In addition to this, three risk indicators were found to have high levels of intra-rater reliability, but low levels of interrater reliability. The interrater reliability of the indicator ‘Planning or preparation of acts of violent extremism’ (SCI.6), may be low due to the lack of clarity over how the indicator should be assessed if the person concerned is suspected or convicted of a crime that sought to prepare or facilitate a violent extremist or terrorist crime. This concerns specific types of crime, such as financing and incitement, where it is sometimes not clear whether these were preceded by clear preparatory acts. In order to increase the interrater reliability of this indicator, clarification is required over how the indicator should be assessed with respect to these types of crime. With regard to the indicator ‘Organizational skills and access to funding and sources of help’ (HAC.6), one could argue that the indicator encompasses too many different concepts related to the ability to plan and execute violent extremist or terrorist acts. Higher interrater reliability may thus be achieved if the indicator were to focus on the organizational skills of the person concerned, with access to funding and sources of help as constituting examples from which this could be derived. The interrater reliability of the indicator ‘Change in concept of the enemy’ (P.3) may be low due to a lack of clarity over how the indicator should be assessed if the person concerned has no enemy. Given that enemy images are closely linked to grievances about perceived injustices, higher interrater reliability could be achieved if the indicator would focus on changes in grievances.

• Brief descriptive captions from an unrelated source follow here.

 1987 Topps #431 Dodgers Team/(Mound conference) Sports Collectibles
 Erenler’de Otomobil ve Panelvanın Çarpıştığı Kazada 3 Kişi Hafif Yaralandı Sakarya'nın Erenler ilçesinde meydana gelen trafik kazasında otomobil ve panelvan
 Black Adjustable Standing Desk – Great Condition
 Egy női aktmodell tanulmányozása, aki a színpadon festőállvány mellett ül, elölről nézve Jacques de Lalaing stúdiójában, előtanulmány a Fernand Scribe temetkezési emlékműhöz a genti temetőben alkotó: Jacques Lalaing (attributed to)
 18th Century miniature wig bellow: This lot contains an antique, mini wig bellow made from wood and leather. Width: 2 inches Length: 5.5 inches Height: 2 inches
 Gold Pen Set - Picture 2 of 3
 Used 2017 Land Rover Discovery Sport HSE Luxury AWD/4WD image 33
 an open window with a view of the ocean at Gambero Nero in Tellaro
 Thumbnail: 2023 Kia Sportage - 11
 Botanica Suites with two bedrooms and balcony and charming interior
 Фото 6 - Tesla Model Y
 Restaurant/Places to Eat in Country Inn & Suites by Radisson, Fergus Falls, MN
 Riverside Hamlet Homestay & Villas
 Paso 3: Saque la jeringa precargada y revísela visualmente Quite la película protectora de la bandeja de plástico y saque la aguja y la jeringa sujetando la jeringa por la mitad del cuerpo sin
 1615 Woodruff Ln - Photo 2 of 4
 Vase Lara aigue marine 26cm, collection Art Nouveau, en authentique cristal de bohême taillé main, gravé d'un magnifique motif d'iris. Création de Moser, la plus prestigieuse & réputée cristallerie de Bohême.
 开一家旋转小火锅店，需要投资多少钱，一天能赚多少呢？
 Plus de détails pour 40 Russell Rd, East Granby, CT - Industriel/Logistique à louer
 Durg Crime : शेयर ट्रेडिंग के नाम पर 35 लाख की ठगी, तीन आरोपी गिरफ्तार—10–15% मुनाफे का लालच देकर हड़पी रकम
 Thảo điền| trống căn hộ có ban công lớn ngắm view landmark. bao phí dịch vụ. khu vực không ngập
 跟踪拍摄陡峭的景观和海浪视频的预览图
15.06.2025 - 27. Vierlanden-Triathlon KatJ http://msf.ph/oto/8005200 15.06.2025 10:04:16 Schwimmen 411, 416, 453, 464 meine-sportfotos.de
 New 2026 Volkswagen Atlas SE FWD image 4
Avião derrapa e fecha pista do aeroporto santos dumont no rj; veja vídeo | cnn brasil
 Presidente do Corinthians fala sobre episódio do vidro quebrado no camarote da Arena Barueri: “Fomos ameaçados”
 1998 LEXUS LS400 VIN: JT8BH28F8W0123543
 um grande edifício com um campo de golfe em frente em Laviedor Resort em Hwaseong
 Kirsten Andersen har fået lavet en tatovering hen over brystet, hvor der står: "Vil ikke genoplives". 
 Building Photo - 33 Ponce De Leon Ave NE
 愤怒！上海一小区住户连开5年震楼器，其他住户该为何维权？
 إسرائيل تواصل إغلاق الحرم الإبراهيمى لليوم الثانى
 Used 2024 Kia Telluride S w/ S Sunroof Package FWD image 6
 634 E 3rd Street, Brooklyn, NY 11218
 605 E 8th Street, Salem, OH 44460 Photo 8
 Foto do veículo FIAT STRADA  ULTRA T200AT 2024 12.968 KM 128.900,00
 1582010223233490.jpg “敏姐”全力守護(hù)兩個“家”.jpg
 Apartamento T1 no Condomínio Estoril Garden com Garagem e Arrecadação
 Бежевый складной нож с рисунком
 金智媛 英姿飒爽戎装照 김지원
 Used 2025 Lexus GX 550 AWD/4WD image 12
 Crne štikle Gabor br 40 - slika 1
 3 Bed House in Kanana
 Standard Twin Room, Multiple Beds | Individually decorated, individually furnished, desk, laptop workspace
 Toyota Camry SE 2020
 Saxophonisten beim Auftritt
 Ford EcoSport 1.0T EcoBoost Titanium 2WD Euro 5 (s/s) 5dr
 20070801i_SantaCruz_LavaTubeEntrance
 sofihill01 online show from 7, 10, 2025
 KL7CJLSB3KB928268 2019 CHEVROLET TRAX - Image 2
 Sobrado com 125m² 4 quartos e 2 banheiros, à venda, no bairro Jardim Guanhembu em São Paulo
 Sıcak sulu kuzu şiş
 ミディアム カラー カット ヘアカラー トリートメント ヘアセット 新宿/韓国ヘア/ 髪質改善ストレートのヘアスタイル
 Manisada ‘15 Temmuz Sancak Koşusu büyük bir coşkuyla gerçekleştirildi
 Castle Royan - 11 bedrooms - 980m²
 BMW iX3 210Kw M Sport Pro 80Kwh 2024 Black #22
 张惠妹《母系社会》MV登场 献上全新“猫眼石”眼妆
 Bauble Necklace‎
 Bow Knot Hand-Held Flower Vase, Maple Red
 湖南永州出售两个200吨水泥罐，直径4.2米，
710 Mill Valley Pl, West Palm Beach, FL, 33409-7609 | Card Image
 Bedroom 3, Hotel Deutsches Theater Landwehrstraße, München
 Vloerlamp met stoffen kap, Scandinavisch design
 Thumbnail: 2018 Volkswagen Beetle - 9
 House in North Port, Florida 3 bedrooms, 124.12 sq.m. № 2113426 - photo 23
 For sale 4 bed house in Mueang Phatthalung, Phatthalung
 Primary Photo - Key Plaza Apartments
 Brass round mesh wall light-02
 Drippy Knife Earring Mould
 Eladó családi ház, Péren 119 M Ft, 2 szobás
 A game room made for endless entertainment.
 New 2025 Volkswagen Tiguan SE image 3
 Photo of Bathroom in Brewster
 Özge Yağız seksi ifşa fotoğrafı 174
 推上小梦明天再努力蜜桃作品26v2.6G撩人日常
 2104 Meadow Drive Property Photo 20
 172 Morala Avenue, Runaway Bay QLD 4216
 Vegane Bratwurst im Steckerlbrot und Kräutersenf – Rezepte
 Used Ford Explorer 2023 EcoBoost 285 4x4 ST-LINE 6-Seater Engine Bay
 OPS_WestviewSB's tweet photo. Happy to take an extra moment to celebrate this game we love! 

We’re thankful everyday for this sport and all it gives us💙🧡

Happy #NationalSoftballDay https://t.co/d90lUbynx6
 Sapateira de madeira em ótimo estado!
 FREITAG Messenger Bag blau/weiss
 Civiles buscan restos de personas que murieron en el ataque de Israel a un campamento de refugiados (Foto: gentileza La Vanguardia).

Limitations and recommendations
Although the present study undoubtedly provides valuable insights into the reliability of the VERA-2R, the findings should be considered in light of certain limitations. The first limitation is that, although the research design simulates the practice of structured professional risk assessment as closely as possible, it needs to be defined as a research setting. In this study, VERA-2R assessments were carried out by researchers who were trained in the use of the VERA-2R on the basis of judicial files, while, in practice, VERA-2R assessments are carried out by professionals who have extensive experience in undertaking individual risk assessments, preferably on the basis of judicial files and direct interviews with the person concerned. Since assessors must use their professional judgement to arrive at structured risk judgements (20), the use of research assessors can be criticized on the grounds of their ability to form adequate structured risk judgements. However, we partially overcame this limitation by providing a two-day training course for the researchers, in which they acquired experience in forming structured risk judgements. With regard to the exclusion of interviews, it’s important to state that the inclusion of personal interviews is not a requirement for the use of the VERA-2R. If the person concerned is absent or refuses to co-operate, VERA-2R assessments can and will be carried out without the information that would be obtained from a direct interview (20). But, very importantly, we used extensive judicial court files that also included forensic psychological and forensic psychiatric reports. A second limitation pertains to the fact that the results are based on a relative small sample size. Given that a larger sample sizes produces more reliable results with greater precision and power (46), follow-up research should be carried out to determine if the results can be replicated in a larger sample.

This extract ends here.